• **What you should do**:
Would you please transcribe, exactly as written, the lines of the entries below starting at the one that holds "Borsa a mano" and ending at the one that holds "Зимни гуми 225/45/17 Nokian 4бр", both included?
====== The data
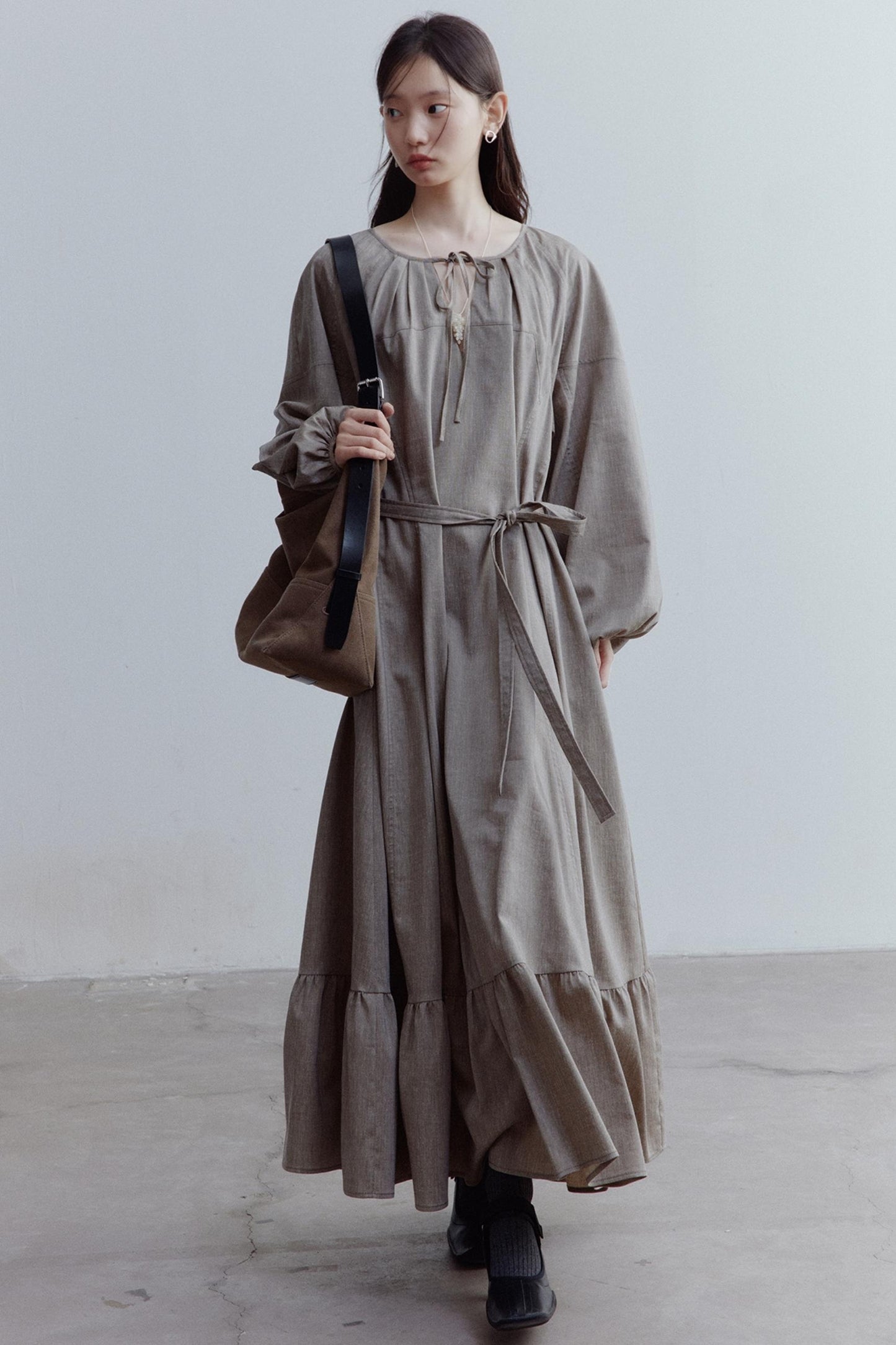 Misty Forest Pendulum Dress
============
====== The data
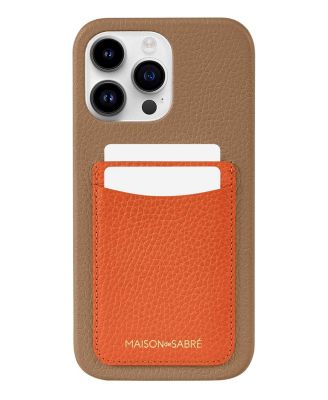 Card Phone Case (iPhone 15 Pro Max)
============
====== The data
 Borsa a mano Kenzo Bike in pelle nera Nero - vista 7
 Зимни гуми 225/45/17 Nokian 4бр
============
• **Solution below**:
 Borsa a mano Kenzo Bike in pelle nera Nero - vista 7
 Зимни гуми 225/45/17 Nokian 4бр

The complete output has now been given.